Simultaneous localization and mapping (SLAM) and Structure from Motion (SfM) are important problems in robotics and computer vision. One of the challenges is to solve a large-scale optimization problem associated with all of the robot poses, camera parameters, landmarks and measurements. Yet neither of the two reigning paradigms, direct and iterative methods, scales well to very large and complex problems. Recently, the subgraph-preconditioned conjugate gradient method has been proposed to combine the advantages of direct and iterative methods. However, how to find a good subgraph is still an open problem.
The goal of this dissertation is to address the following two questions:
(1) What are good subgraph preconditioners for SLAM and SfM?
(2) How to find them? To this end, I introduce support theory and support graph theory to evaluate and design subgraph preconditioners for SLAM and SfM. More specifically, I make the following contributions:
First, I develop graphical and probabilistic interpretations of support theory and used them to visualize the quality of subgraph preconditioners.
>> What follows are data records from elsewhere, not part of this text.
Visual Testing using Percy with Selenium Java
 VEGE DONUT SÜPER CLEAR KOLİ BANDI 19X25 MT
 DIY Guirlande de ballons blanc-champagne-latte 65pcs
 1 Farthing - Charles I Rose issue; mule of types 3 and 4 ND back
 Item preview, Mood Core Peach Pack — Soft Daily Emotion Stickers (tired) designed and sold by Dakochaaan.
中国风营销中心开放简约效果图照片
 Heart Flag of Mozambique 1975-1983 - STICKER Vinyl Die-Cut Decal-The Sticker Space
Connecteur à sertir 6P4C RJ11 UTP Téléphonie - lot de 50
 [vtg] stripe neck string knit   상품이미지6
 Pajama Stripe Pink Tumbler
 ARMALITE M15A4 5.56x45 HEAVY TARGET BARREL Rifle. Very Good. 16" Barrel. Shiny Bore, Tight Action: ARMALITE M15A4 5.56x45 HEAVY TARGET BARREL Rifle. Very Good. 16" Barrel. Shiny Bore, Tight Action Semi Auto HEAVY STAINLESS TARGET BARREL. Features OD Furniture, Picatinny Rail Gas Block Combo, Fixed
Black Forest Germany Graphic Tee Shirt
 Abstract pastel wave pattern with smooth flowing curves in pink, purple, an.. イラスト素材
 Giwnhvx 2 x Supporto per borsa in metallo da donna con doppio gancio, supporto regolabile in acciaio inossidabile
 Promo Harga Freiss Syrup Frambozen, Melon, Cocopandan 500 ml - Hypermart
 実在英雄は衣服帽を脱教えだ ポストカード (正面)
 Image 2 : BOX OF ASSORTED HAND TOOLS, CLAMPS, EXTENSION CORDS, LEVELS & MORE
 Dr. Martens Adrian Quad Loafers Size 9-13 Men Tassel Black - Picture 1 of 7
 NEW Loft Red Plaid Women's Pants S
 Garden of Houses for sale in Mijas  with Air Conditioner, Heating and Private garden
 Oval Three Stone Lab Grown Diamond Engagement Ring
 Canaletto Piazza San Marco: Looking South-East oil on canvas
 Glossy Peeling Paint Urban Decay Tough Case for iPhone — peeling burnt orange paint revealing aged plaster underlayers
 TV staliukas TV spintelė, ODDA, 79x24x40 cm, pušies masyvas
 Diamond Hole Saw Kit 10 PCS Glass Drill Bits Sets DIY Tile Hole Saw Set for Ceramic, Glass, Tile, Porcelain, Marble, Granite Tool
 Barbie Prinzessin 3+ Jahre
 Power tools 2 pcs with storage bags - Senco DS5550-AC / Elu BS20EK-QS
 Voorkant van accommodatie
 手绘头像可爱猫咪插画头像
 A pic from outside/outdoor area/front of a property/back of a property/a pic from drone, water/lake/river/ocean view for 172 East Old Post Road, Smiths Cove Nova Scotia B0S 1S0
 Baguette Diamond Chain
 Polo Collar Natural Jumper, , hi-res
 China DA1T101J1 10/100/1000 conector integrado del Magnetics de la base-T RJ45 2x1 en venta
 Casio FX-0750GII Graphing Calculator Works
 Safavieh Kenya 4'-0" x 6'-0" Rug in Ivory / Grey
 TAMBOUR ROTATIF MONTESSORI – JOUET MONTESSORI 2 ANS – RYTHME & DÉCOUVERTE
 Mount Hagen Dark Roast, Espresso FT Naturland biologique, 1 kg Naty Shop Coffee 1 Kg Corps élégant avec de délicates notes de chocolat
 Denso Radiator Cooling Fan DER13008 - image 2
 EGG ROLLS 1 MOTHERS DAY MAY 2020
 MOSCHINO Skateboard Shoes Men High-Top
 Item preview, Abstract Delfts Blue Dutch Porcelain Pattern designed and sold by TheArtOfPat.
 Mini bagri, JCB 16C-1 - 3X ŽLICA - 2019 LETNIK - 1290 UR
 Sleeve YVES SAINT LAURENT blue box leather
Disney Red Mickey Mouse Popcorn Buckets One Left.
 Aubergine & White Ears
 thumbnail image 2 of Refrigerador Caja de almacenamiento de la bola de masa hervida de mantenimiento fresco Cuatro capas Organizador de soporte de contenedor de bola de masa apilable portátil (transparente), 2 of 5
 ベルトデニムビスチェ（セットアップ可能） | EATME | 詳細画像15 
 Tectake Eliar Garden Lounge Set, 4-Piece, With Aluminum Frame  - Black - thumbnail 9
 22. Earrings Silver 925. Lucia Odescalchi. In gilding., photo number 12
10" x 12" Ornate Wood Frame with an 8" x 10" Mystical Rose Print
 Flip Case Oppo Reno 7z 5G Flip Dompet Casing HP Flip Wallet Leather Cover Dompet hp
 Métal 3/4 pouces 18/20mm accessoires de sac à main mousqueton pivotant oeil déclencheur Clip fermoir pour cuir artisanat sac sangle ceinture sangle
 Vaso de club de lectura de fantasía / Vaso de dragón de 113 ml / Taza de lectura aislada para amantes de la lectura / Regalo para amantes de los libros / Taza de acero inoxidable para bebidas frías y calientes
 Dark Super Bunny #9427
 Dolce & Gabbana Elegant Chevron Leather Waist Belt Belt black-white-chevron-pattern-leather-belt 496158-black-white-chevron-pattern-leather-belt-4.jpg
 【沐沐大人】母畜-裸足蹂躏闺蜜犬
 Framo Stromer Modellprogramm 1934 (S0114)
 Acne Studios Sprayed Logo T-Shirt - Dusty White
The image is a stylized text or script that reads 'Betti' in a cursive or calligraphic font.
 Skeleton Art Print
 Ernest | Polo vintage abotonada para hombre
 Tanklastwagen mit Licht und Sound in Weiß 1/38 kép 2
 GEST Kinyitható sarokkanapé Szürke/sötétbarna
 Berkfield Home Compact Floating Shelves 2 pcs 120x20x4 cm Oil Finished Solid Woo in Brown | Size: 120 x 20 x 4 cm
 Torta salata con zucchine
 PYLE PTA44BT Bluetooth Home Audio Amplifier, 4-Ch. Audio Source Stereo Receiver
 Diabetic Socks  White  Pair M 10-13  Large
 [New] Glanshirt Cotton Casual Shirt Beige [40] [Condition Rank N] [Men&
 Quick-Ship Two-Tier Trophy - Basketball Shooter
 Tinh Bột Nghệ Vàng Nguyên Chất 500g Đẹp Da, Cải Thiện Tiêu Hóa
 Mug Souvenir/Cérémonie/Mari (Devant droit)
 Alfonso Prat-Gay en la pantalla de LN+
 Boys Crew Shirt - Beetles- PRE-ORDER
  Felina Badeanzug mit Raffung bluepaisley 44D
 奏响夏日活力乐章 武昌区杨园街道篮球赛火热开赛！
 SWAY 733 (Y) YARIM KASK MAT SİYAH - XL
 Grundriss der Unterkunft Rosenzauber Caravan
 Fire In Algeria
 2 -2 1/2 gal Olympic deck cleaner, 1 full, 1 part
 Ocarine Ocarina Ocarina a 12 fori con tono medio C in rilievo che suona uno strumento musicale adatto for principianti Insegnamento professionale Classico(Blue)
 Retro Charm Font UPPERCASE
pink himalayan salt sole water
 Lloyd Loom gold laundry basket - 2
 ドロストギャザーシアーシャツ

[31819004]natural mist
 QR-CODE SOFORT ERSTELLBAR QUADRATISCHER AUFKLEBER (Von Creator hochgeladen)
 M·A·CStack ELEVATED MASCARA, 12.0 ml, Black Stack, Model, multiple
Second, I derive a novel support-theoretic metric for the quality of spanning tree preconditioners and design an MCMC-based algorithm to find high-quality subgraph preconditioners. I further improve the efficiency of finding good subgraph preconditioners by using heuristics and domain knowledge available in the problems. Our results show that the support-theoretic subgraph preconditioners significantly improve the efficiency of solving large SLAM problems.
Third, I propose a novel Hessian factor graph representation, and use it to develop a new class of preconditioners, generalized subgraph preconditioners, that combine the advantages of subgraph preconditioners and Hessian-based preconditioners. I apply them to solve large SfM problems and obtain promising results.
Fourth, I develop the incremental subgraph-preconditioned conjugate gradient method for large-scale online SLAM problems. The main idea is to combine the advantages of two state-of-the-art methods, incremental smoothing and mapping, and the subgraph-preconditioned conjugate gradient method. I also show that the new method is efficient, optimal and consistent.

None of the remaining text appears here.